* _ABOUT THIS EXERCISE_: An exact restatement of the entire listing is needed, excluding all images.

* _INPUT MATERIAL_:
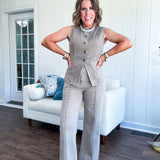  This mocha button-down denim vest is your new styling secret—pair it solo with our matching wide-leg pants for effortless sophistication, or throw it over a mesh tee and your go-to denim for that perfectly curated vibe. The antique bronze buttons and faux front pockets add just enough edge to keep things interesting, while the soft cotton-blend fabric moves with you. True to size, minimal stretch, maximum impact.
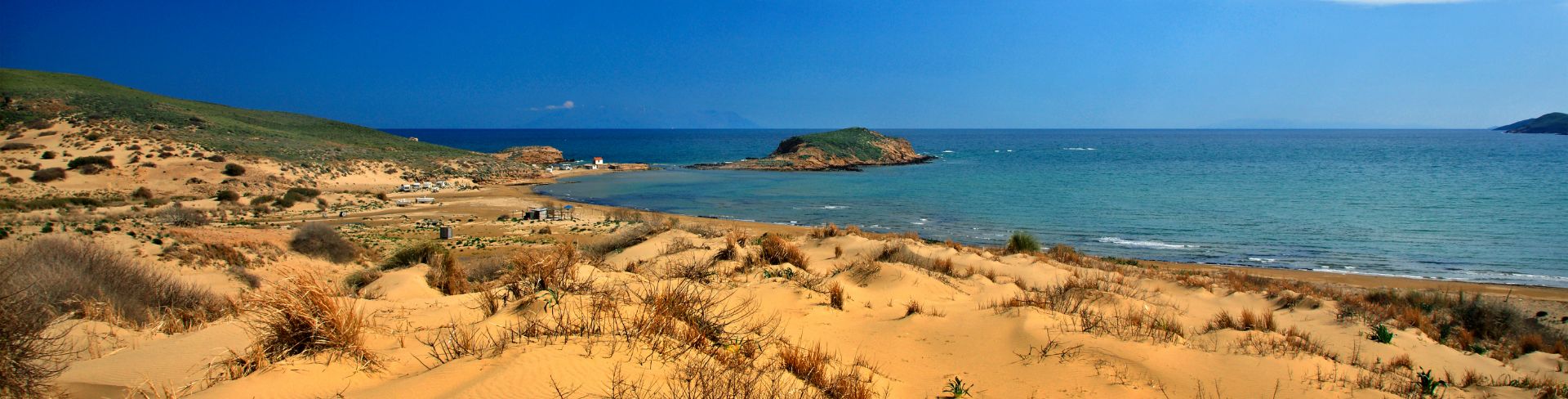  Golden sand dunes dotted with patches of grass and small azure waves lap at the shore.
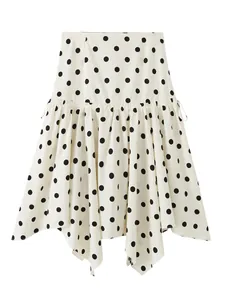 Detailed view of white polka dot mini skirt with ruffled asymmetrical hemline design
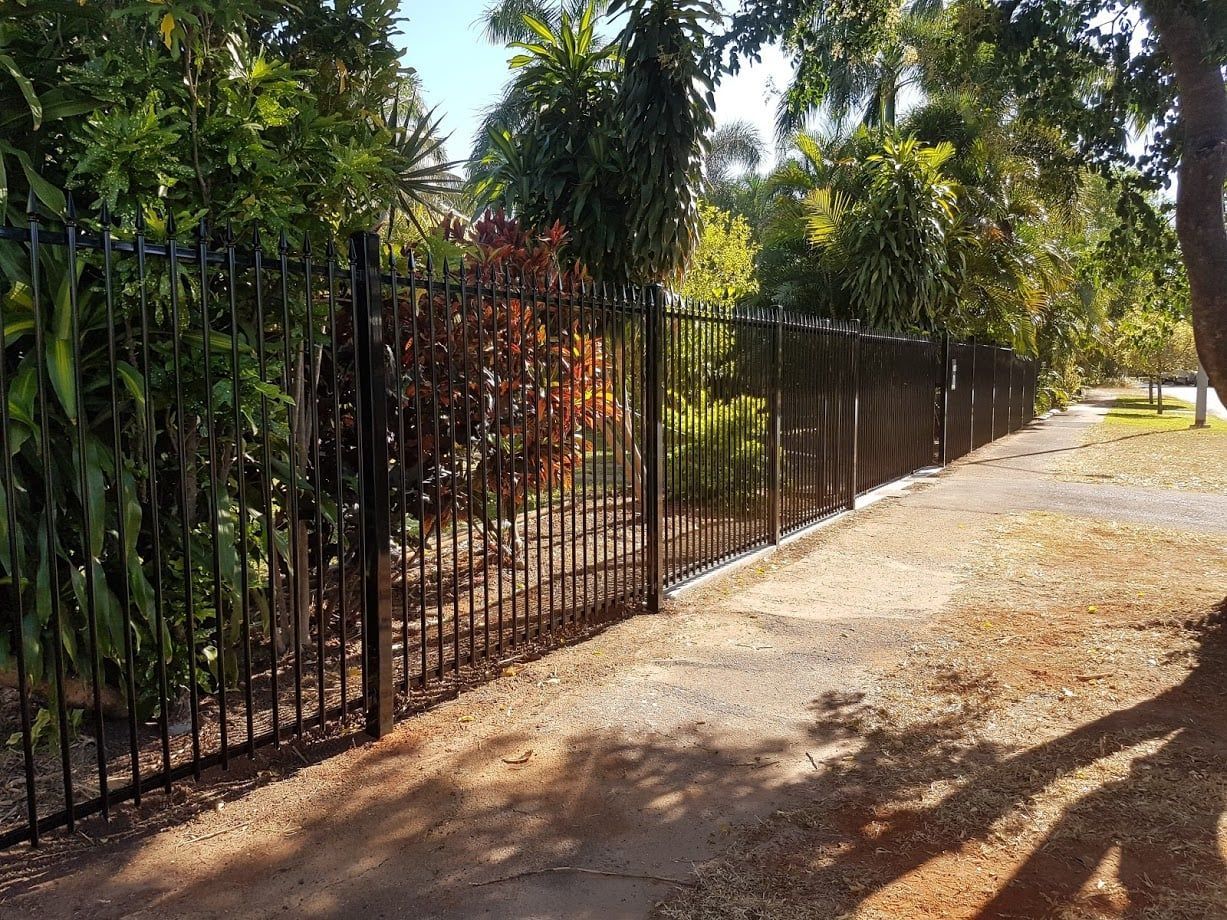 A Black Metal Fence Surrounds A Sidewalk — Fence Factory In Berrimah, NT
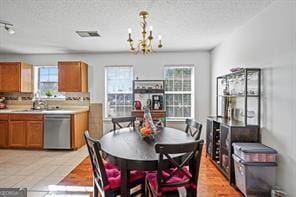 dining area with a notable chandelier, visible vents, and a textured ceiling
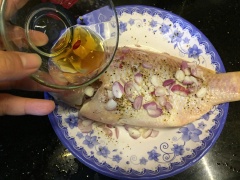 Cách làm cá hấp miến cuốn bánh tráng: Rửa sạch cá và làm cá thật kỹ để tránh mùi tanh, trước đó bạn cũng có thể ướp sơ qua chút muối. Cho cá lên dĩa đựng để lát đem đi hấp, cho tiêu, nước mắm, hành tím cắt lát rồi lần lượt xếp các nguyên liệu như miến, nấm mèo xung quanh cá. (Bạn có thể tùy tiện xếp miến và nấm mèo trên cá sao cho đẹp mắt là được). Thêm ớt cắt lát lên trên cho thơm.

* _RESPONSE BELOW_:
  This mocha button-down denim vest is your new styling secret—pair it solo with our matching wide-leg pants for effortless sophistication, or throw it over a mesh tee and your go-to denim for that perfectly curated vibe. The antique bronze buttons and faux front pockets add just enough edge to keep things interesting, while the soft cotton-blend fabric moves with you. True to size, minimal stretch, maximum impact.
  Golden sand dunes dotted with patches of grass and small azure waves lap at the shore.
 Detailed view of white polka dot mini skirt with ruffled asymmetrical hemline design
 A Black Metal Fence Surrounds A Sidewalk — Fence Factory In Berrimah, NT
 dining area with a notable chandelier, visible vents, and a textured ceiling
 Cách làm cá hấp miến cuốn bánh tráng: Rửa sạch cá và làm cá thật kỹ để tránh mùi tanh, trước đó bạn cũng có thể ướp sơ qua chút muối. Cho cá lên dĩa đựng để lát đem đi hấp, cho tiêu, nước mắm, hành tím cắt lát rồi lần lượt xếp các nguyên liệu như miến, nấm mèo xung quanh cá. (Bạn có thể tùy tiện xếp miến và nấm mèo trên cá sao cho đẹp mắt là được). Thêm ớt cắt lát lên trên cho thơm.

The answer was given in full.